La misura si inserisce nel percorso di riforma già avviato con la legge di Bilancio 2026, che ha ridotto da quattro a tre gli scaglioni IRPEF e abbassato dal 35% al 33% l’aliquota applicata ai redditi compresi tra 28.000 e 50.000 euro.
Le aliquote attualmente in vigore
Dal 1° gennaio 2026 il sistema IRPEF è così strutturato:
- 23% per redditi fino a 28.000 euro;
- 33% per redditi da 28.001 a 50.000 euro;
- 43% per redditi oltre 50.000 euro.
L’eventuale riforma allargherebbe quindi il secondo scaglione fino a 60.000 euro, evitando l’applicazione dell’aliquota del 43% sulla fascia di reddito tra 50.000 e 60.000 euro.
Chi ne beneficerebbe
La platea interessata sarebbe ampia e comprenderebbe:
- lavoratori dipendenti;
- lavoratori autonomi;
- pensionati con redditi medio-alti.
Il vantaggio fiscale crescerebbe progressivamente con il reddito, fino a raggiungere un beneficio massimo stimato intorno ai 1.000 euro annui per i contribuenti collocati vicino al nuovo limite dei 60.000 euro.
Il nodo delle coperture
L’intervento avrebbe però un costo significativo per le finanze pubbliche. Per questo motivo il Governo starebbe valutando meccanismi correttivi per evitare che il beneficio favorisca anche i redditi più elevati.

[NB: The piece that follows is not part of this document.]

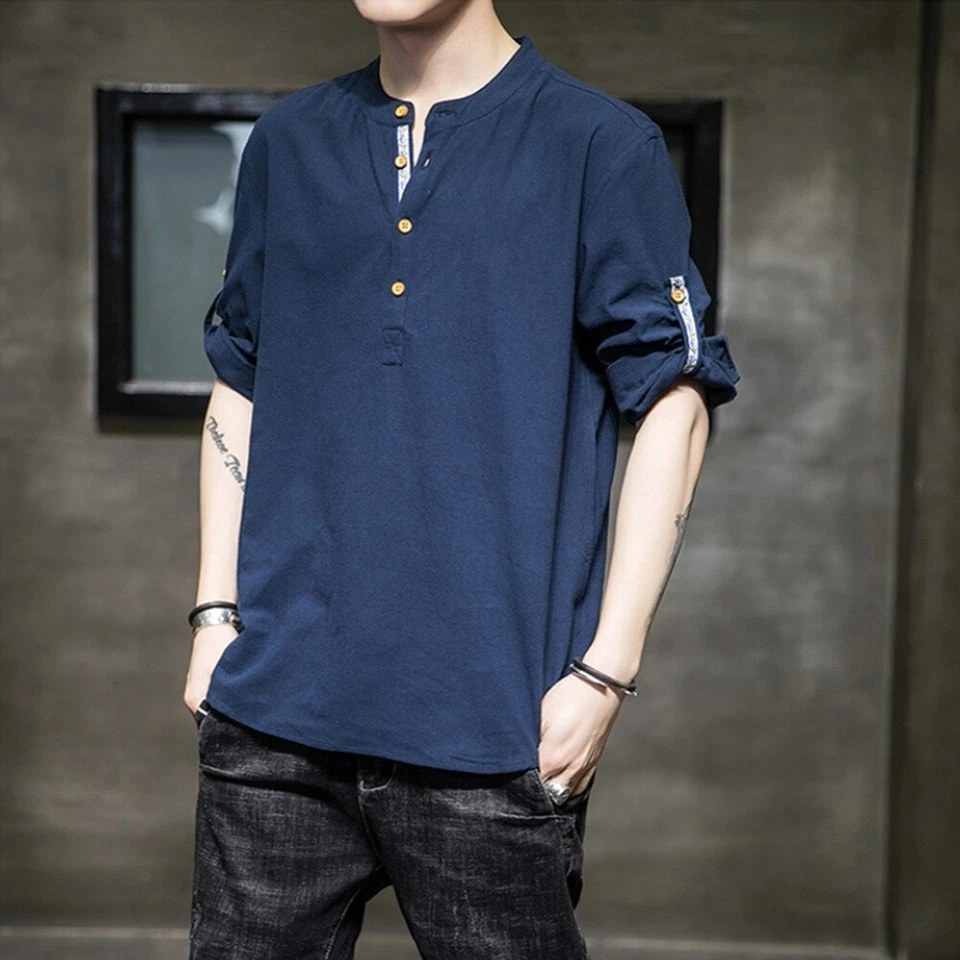 Men Cotton Linen Top Tee Shirt Roll Up 3/4 Sleeve Button Henley Neck T-shirt Top - Image 1 of 4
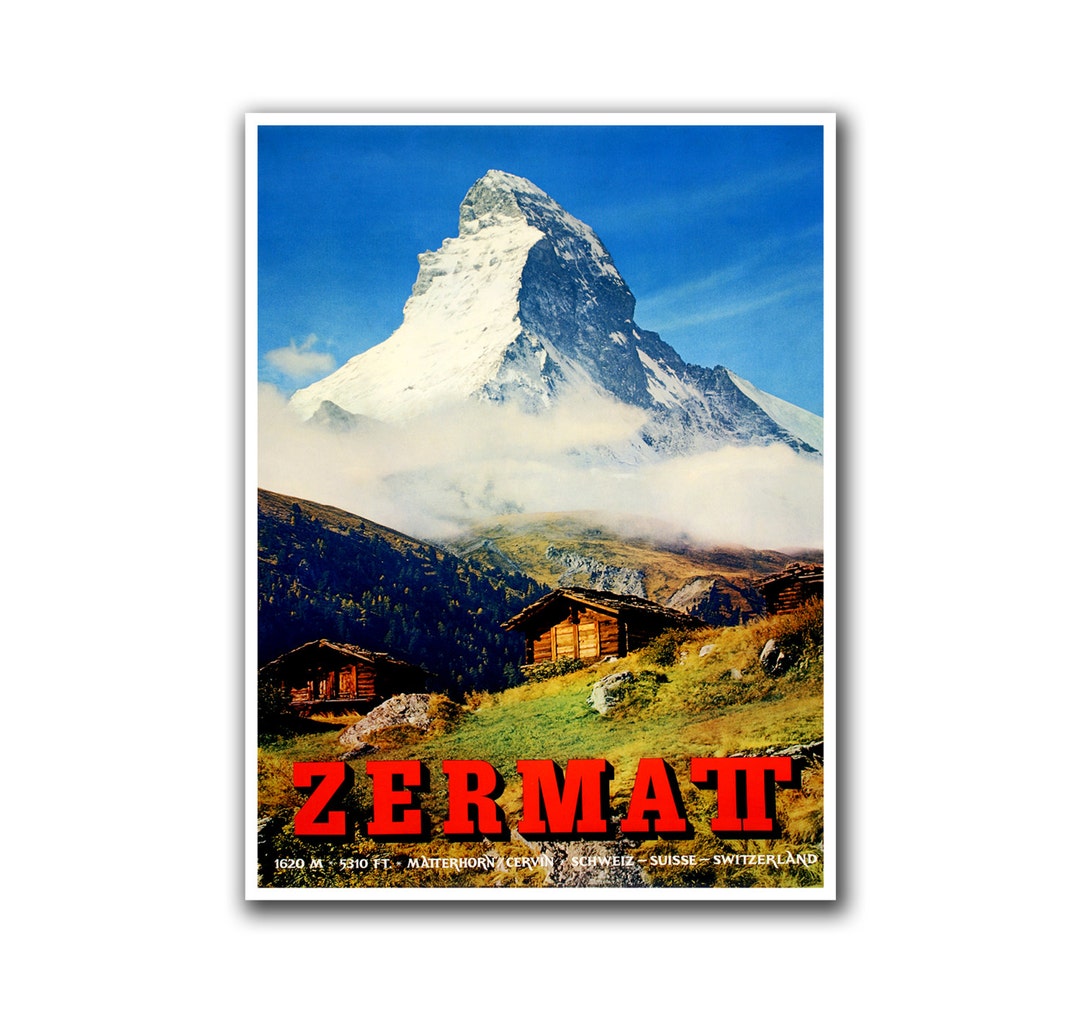 Zermatt Print Switzerland Ski Poster Swiss Travel Art (h124)a - Etsy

Già la legge di Bilancio 2026 ha introdotto una “neutralizzazione” per i contribuenti con redditi superiori a 200.000 euro, attraverso una riduzione di 440 euro delle detrazioni fiscali. Con il nuovo ampliamento dello scaglione, questo meccanismo potrebbe essere rafforzato o aggiornato.
Una riforma ancora in fase di studio
Al momento non esiste ancora un testo ufficiale della misura, ma l’ipotesi conferma la volontà dell’Esecutivo di proseguire nel riordino dell’IRPEF, puntando soprattutto a sostenere il cosiddetto “ceto medio produttivo”.
Le prossime settimane saranno decisive per capire se la proposta entrerà concretamente nella prossima manovra economica e quali saranno le coperture individuate dal Ministero dell’Economia.